They form well-defined, shallow, circular ulcers with a white-to-gray pseudomembrane and erythematous rim.
- Goldman-Cecil Medicine, p. 4149
Three Clinical Forms
| Type | Size | Features | Duration |
|---|
| Minor aphthae | < 0.5 cm (or <10 mm) | Flat, painful, often multiple | 5-14 days, heals spontaneously |
| Major aphthae | > 0.5 cm (>10 mm) | Raised borders, deeper, solitary | Weeks to months; may scar |
| Herpetiform | 1-2 mm (clusters of up to 100) | Coalescent, resemble herpes - but NOT viral | 10-14 days |
- Tintinalli's Emergency Medicine, p. (section 245)
Causes / Associated Conditions
Aphthous ulcers under the tongue are idiopathic by definition, but the following conditions must be ruled out:
- Iron deficiency (aphthous stomatitis is a mucosal sign)
- Folate / B12 deficiency
- Celiac disease (aphthae may remit with a gluten-free diet)
- Behçet syndrome (recurrent aphthae are a hallmark feature)
- HIV/AIDS (larger, more persistent, more frequent aphthae)
- Crohn's disease (aphthous-like ulcers with granulomatous histology)

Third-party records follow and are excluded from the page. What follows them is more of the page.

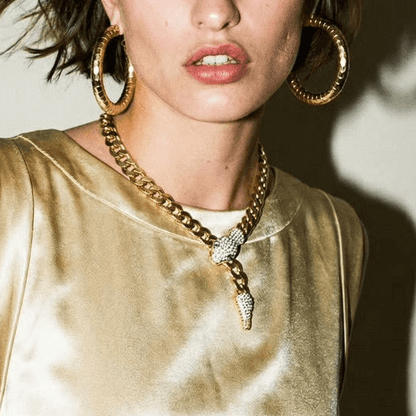 Snake Charmer Gold Chain Statement Necklace - Necklace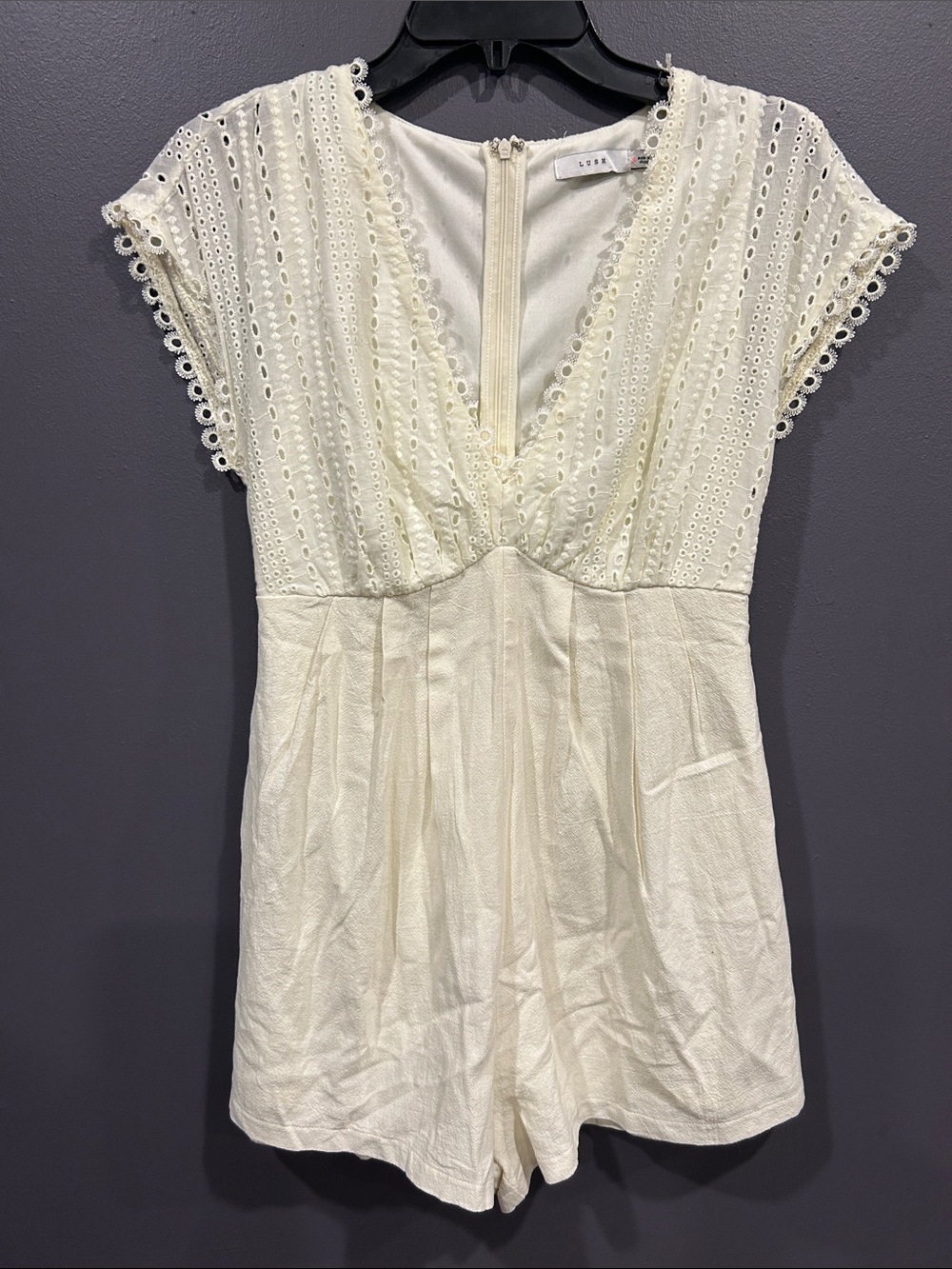 LUSH Eyelet Detail Cream Romper
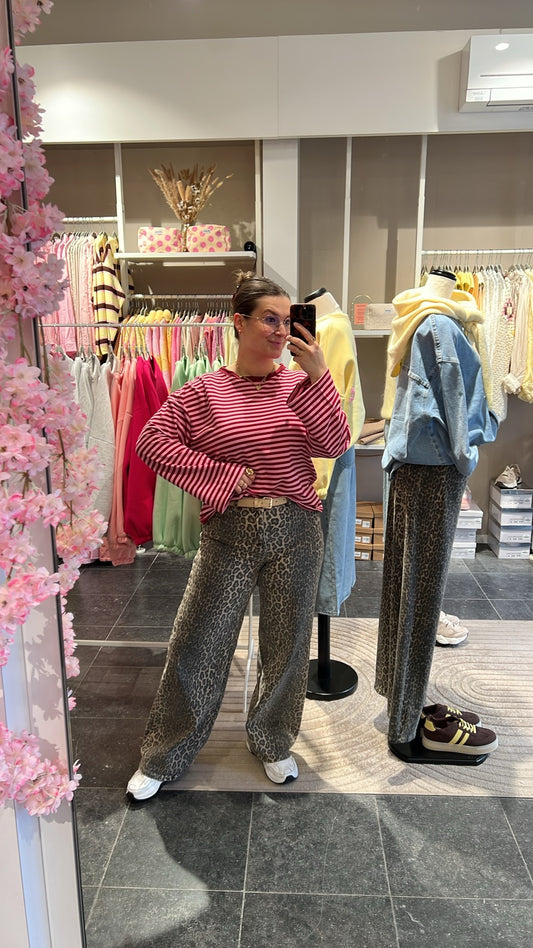 STRIPED LONGSLEEVE ROZE-BORDEAUX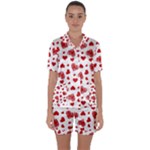 Valentine s stamped hearts pattern Satin Short Sleeve Pajamas Set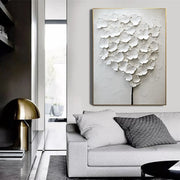 White Flower & Tree Abstract Texture  Canvas Art #FT 243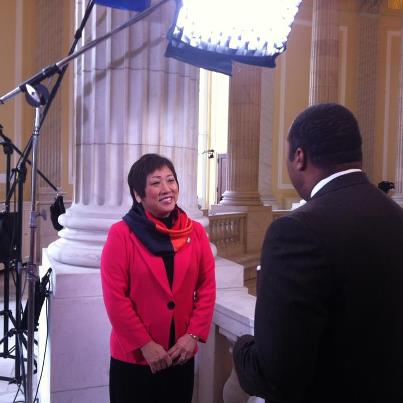 Photo: Being interviewed by Comcast's Robert Traynham for their "Newsmakers" segment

- Reactive arthritis, SLE, discoid lupus (occasional aphthae)
- Trauma - ill-fitting dentures, sharp tooth edges, hot food burns
- Harrison's Principles of Internal Medicine 22E, p. 305
Treatment of Aphthous Ulcers
No treatment cures recurrent aphthous stomatitis, but several reduce pain and speed healing:
-
First-line topical therapies:
- Topical steroids: fluocinonide gel/ointment - apply at earliest signs or with prodrome
- Chlorhexidine 0.2% mouth rinse
- Local anesthetic agents (lidocaine gel)
- Bioadhesive pastes (e.g., Orabase with corticosteroid + anesthetic)
-
Tetracycline/doxycycline mouth rinse - reduces severity and duration when used at onset
-
Systemic steroids (e.g., prednisone 40 mg/day x 3 days) for major aphthae
-
Laser therapy - may promote healing and pain relief, though not yet proven in clinical trials
-
Treat the underlying cause - correct nutritional deficiencies, manage celiac disease, review medications
Red flag: Chronic, relatively painless ulcers lasting >2 weeks, or mixed red/white patches (erythroplakia/leukoplakia), should be biopsied to exclude squamous cell carcinoma. High-risk sites include the floor of the mouth, ventral and lateral tongue, and lower lip.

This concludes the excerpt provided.